# Homemade Turtle Trap How To ??



## RangerI

More turtles than fish!! I would like to relocate the population in my pond. Lookin for any plans, pics, or links for a homemade turtle trap. Any help on this is appreciated!


----------



## jimbo4116

RangerI said:


> More turtles than fish!! I would like to relocate the population in my pond. Lookin for any plans, pics, or links for a homemade turtle trap. Any help on this is appreciated!



Make a 5x5 square out of 4 inch pvc drain pipe.

Suspend a net  or chicken wire basket from it with cable ties so the net is covering the out side of the PVC frame, but not the inside.

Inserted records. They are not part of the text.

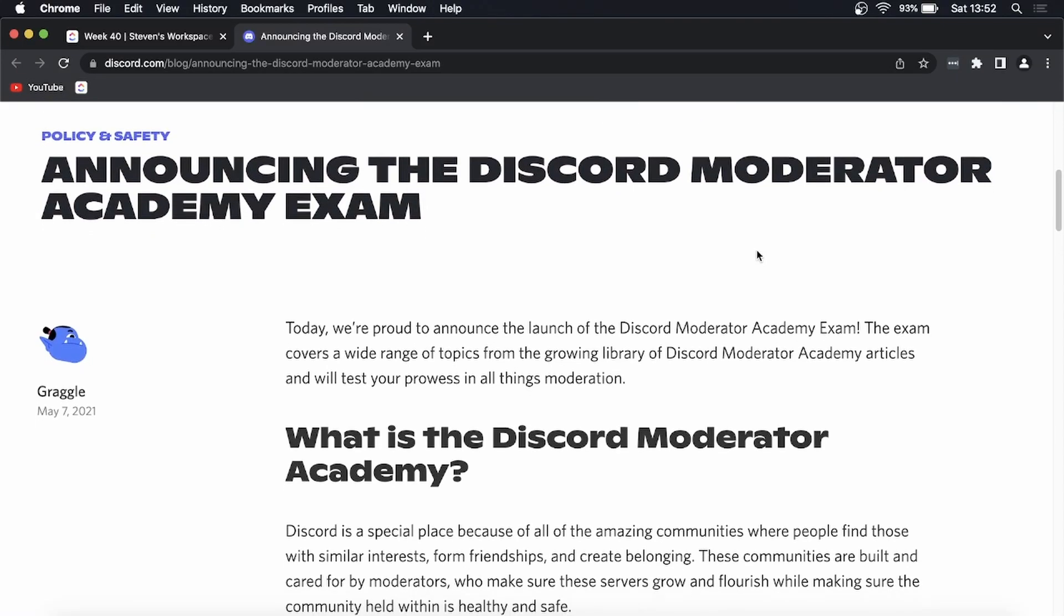Yo what is up guys, welcome back to the channel. In this video I want to talk about the new Discord Moderator Exam and the new Discord Moderator Academy. Discord has now released this feature called the Discord Moderator Academy.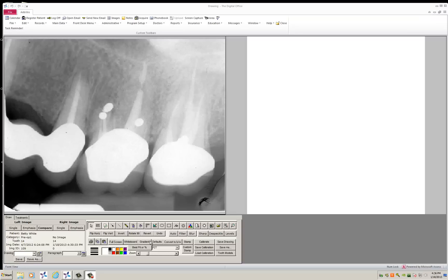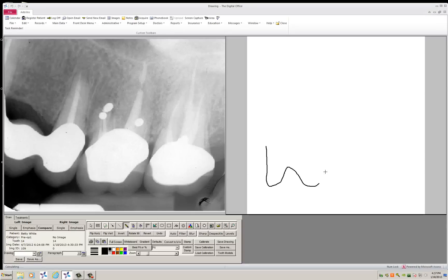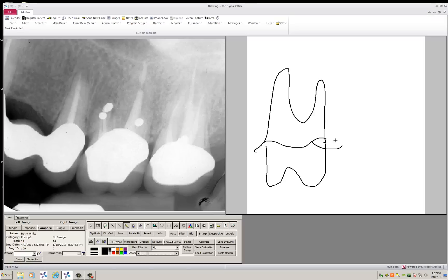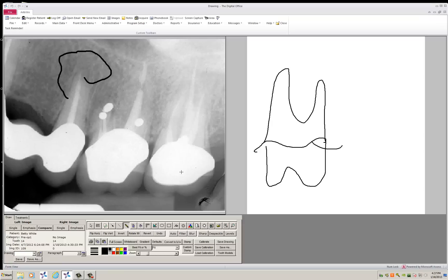Now usually you just pick one of the drawing tools, pick your color and go ahead and draw for the patient either here on the canvas or you can also draw on the radiograph itself. But occasionally, you'll actually want to have a predefined drawing.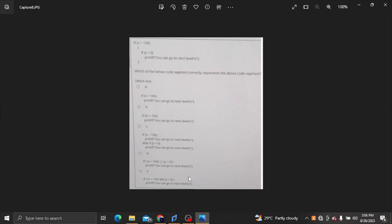If x is greater than 100, you can go to the next level. You can go to the next level — this is the output.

Turtles will climb on the pvc frame using the net, if and when they fall in to the middle they can not climb back on the uncovered pipe.


----------



## RangerI

Any bait in trap or type 'ramp' for them to climb into trap??


----------



## Nugefan

RangerI said:


> Any bait in trap or type 'ramp' for them to climb into trap??



I'd put a dead fish or 2 ...

and I'd relocate them to the pot and make a turtle mull ....


----------



## gadeerwoman

do a search on 'turtle'. I posted some internet sites with plans a few weeks ago.


----------



## RangerI

gadeerwoman,  search under what forum/catagory? thanks


----------



## Milkman

http://forum.gon.com/showthread.php?t=320704&highlight=turtle


----------



## RangerI

thanks!!!!!!!!!!!


----------



## centerc

use chicken wire bend it to a 5-6 ft rectangle, make a muzzle for them to enter like a fish basket. use wire to make a wire back thread it closed use a whole chicken with its head cut off for bait. or  sardines if you cant find a live chicken. tie it off to the bank leave a little bit out of the water so they can breathe.


----------



## RUTTNBUCK

a place in Sandersville sells them. If you are interested pm me and I will give you the name of the place


----------



## Killdee

Yeah what the guy above said about keeping the top out of the water, they can easily drown.


----------



## Rays123

centerc said:


> use chicken wire bend it to a 5-6 ft rectangle, make a muzzle for them to enter like a fish basket. use wire to make a wire back thread it closed use a whole chicken with its head cut off for bait. or  sardines if you cant find a live chicken. tie it off to the bank leave a little bit out of the water so they can breathe.



first off whatever you do use something stronger than chicken wire ive been catchin turtles since i was little and speaking from experience you need to use the strongest wire you can find. ive seen baskets be completely torn to pieces by just a couple turtles trying to get out


----------



## hawgrider1200

trot line for em. U'll have a heck of a time trying to get the hook out of their mouth though.


----------



## miner

*traps*

Ace hardware in Gray sales turtle traps,


----------